START MATERIAL FOR THIS TASK

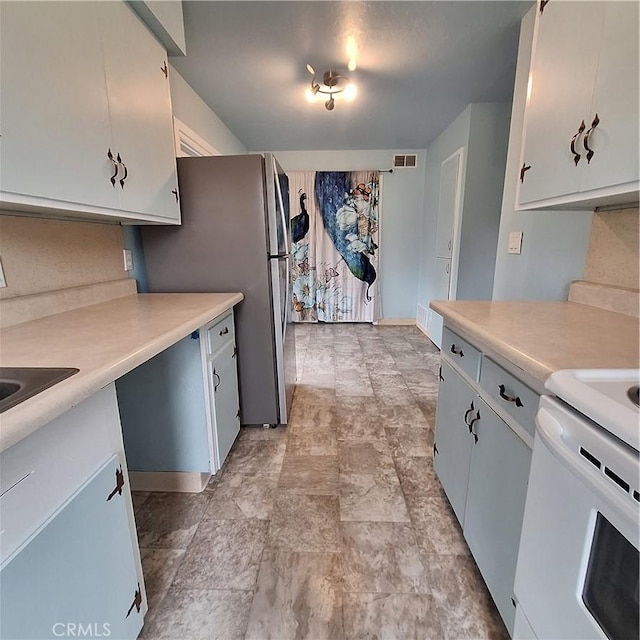 3473 Mclean St, Eureka, CA 95501 - kitchen with light countertops, white range with electric cooktop, baseboards, and stone finish flooring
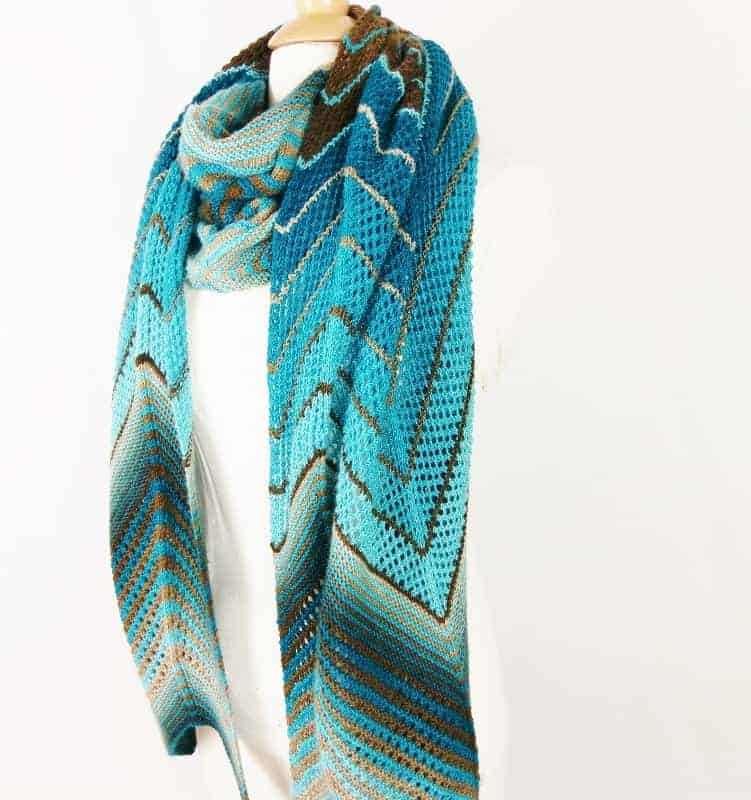 A geometric shawl in a teal to aqua gradient.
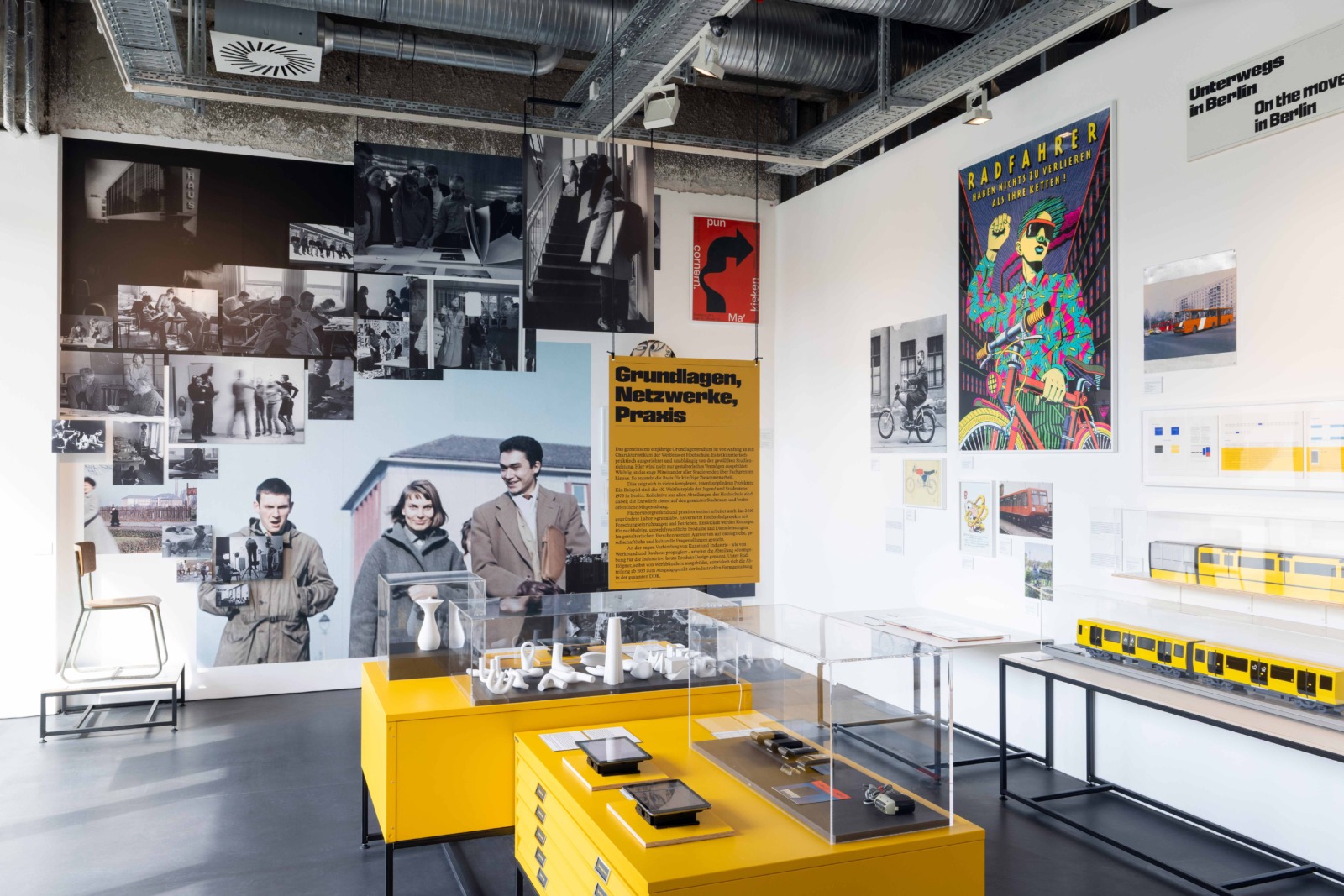 Exhibition view featuring photographs, graphic works, posters, and text panels in a modern museum space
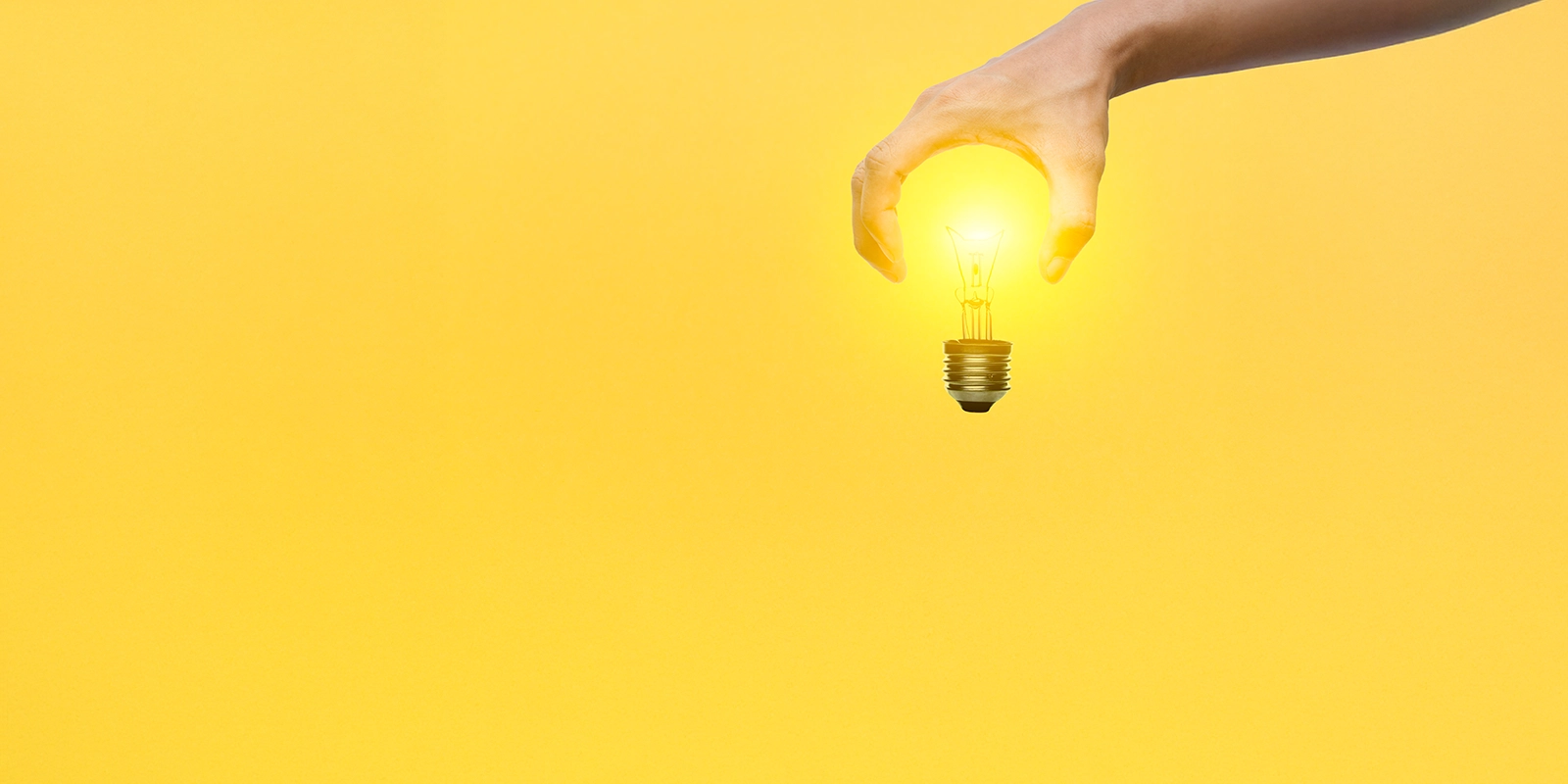 Hand holding a light bulb that's turned on on a yellow background.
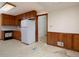 Spacious kitchen with wood cabinets, laminate countertops, and a view into the unfinished living space at 4135 Sunrise Trail, Atlanta, GA 30349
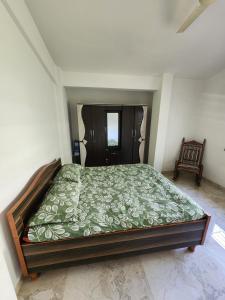 a bedroom with a bed with a green comforter at Castel Rock in Nashik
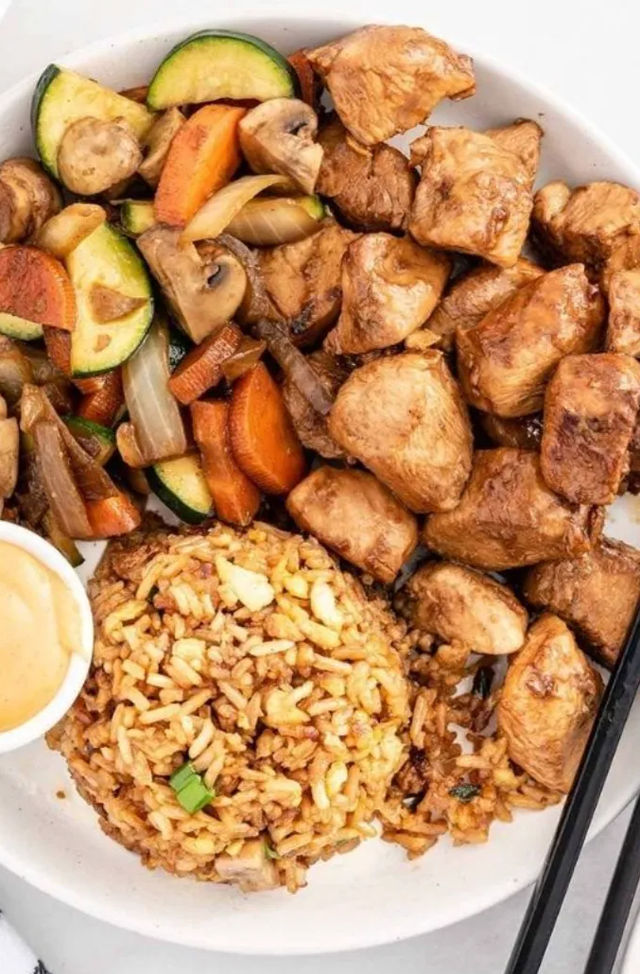 Savory teriyaki chicken bowl with cubed glazed chicken, zucchini-carrot-mushroom stir-fry, seasoned fried rice, dipping sauce and chopsticks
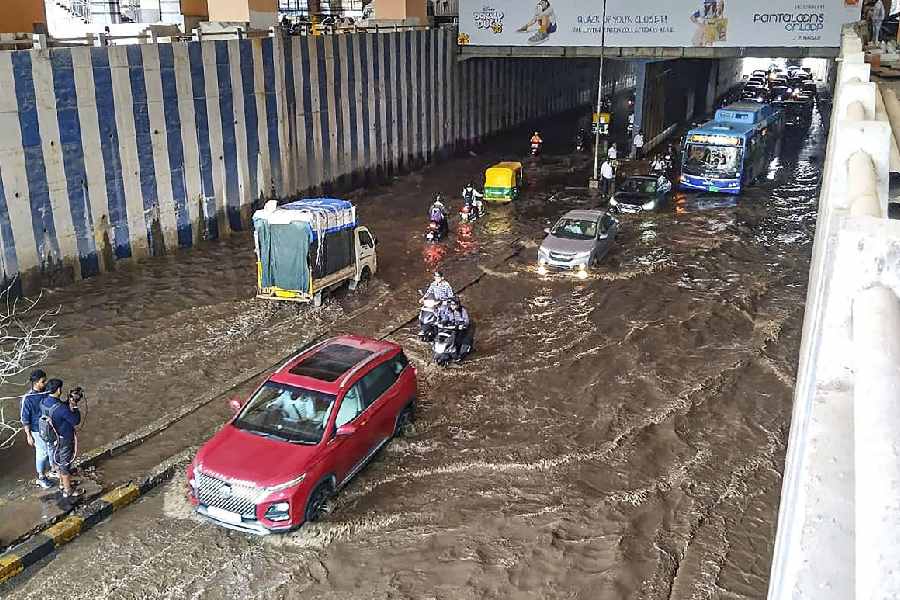 Vehicles pass through a waterlogged underpass near Jayadeva Hospital after heavy rainfall, in Bengaluru, Monday, Aug. 12, 2024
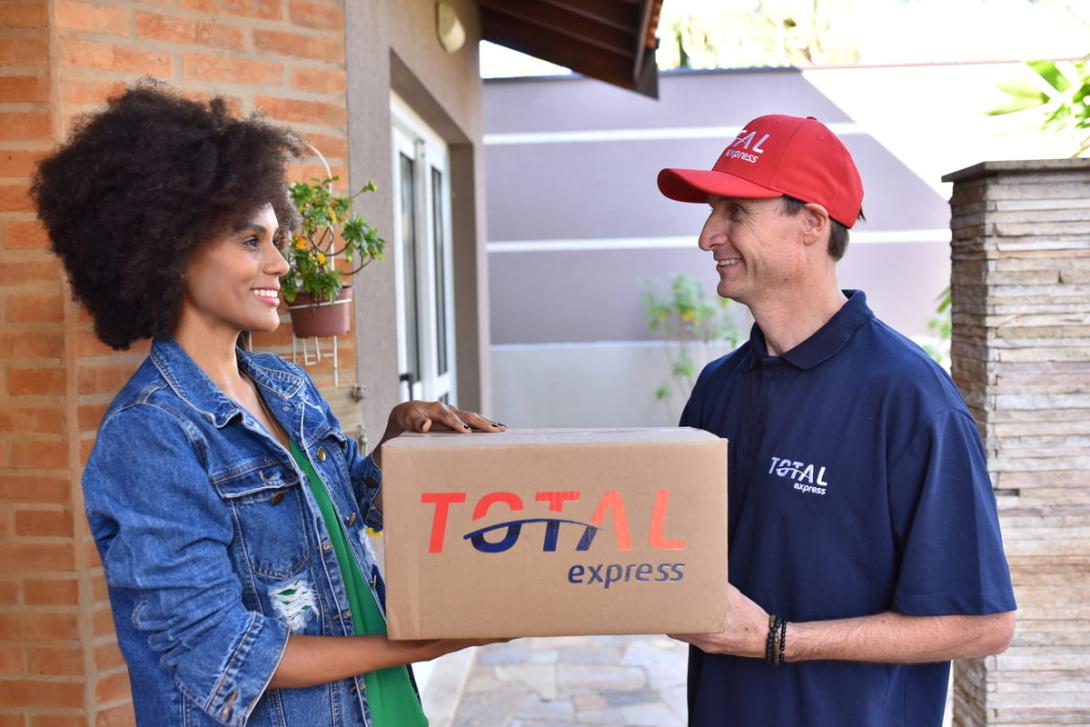 Logística reversa: entregador da Total Express recebe caixa da cliente.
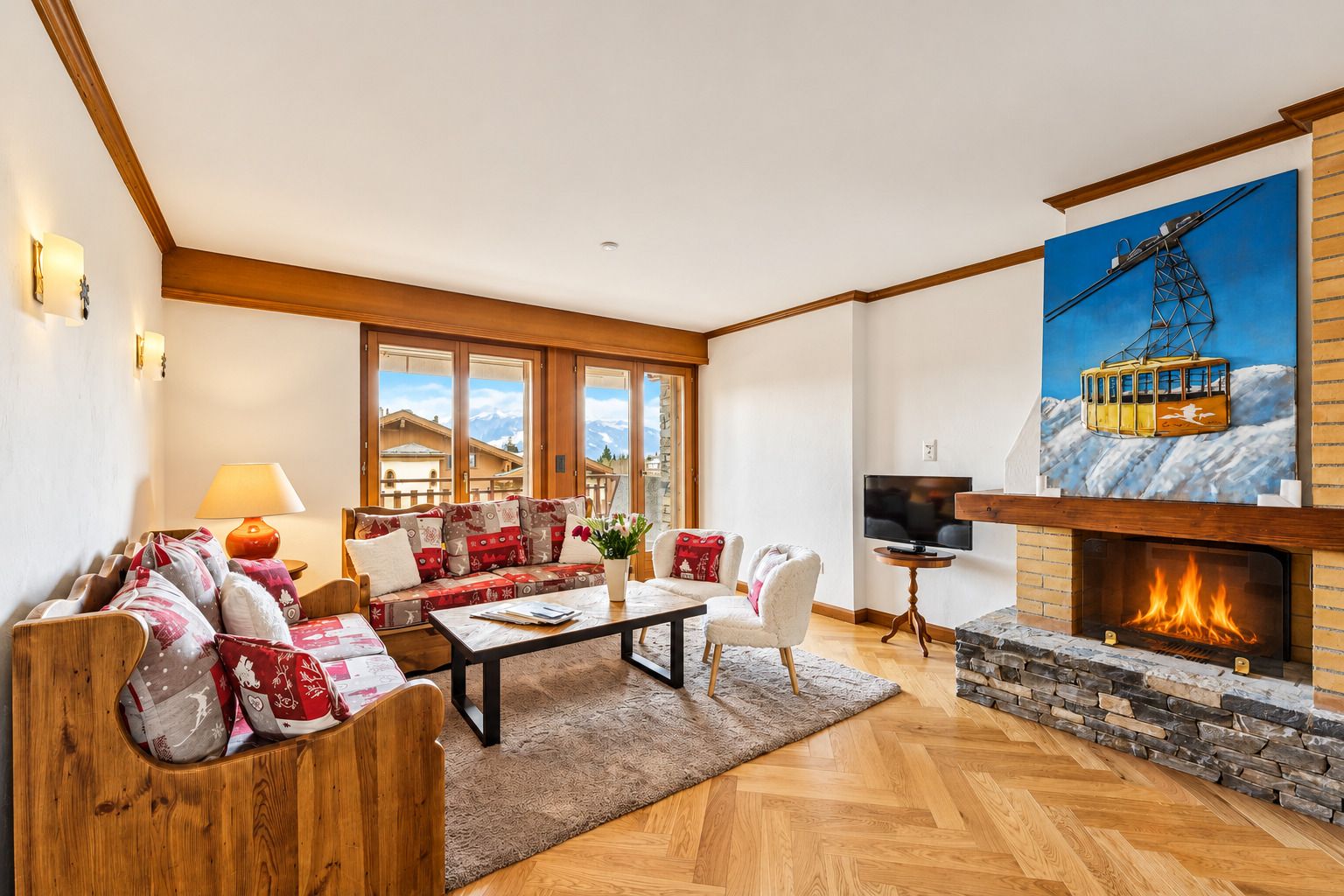 Un salón amplio con chimenea, televisión y un ventanal con vistas a un paisaje montañoso.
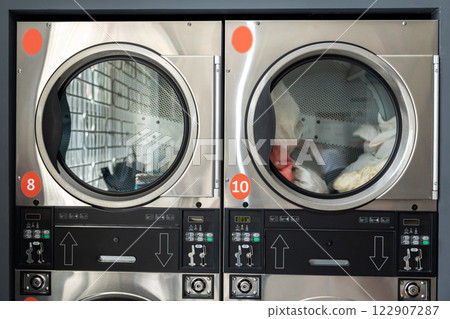 Close up of washing machines in a laundry Close up of washing machines in a laundry 122907287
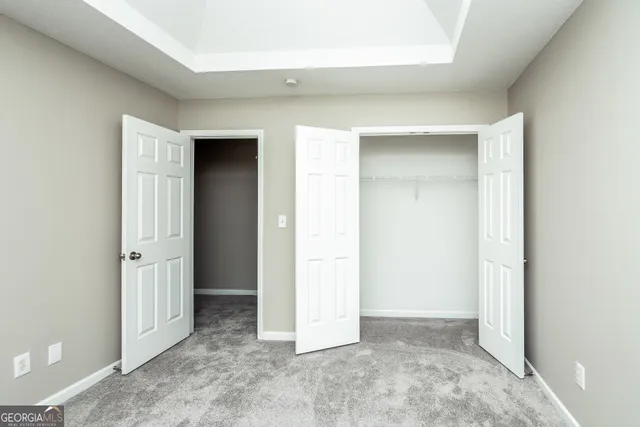 an empty room with closet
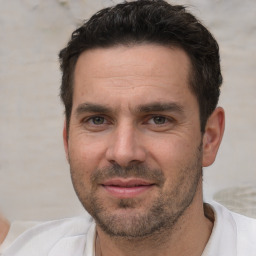 Joyful white adult male with short  brown hair and brown eyes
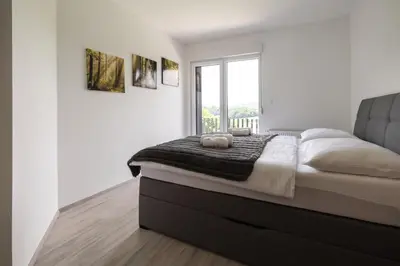 a bedroom with a large bed and a window at Vila Emina in Podčetrtek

END MATERIAL FOR THIS TASK

### INSTRUCTIONS TO FOLLOW
Please set down each line of the listing above word for word, skipping any pictures.

### RESPONSE TO THIS TASK
 3473 Mclean St, Eureka, CA 95501 - kitchen with light countertops, white range with electric cooktop, baseboards, and stone finish flooring
 A geometric shawl in a teal to aqua gradient.
 Exhibition view featuring photographs, graphic works, posters, and text panels in a modern museum space
 Hand holding a light bulb that's turned on on a yellow background.
 Spacious kitchen with wood cabinets, laminate countertops, and a view into the unfinished living space at 4135 Sunrise Trail, Atlanta, GA 30349
 a bedroom with a bed with a green comforter at Castel Rock in Nashik
 Savory teriyaki chicken bowl with cubed glazed chicken, zucchini-carrot-mushroom stir-fry, seasoned fried rice, dipping sauce and chopsticks
 Vehicles pass through a waterlogged underpass near Jayadeva Hospital after heavy rainfall, in Bengaluru, Monday, Aug. 12, 2024
 Logística reversa: entregador da Total Express recebe caixa da cliente.
 Un salón amplio con chimenea, televisión y un ventanal con vistas a un paisaje montañoso.
 Close up of washing machines in a laundry Close up of washing machines in a laundry 122907287
 an empty room with closet
 Joyful white adult male with short  brown hair and brown eyes
 a bedroom with a large bed and a window at Vila Emina in Podčetrtek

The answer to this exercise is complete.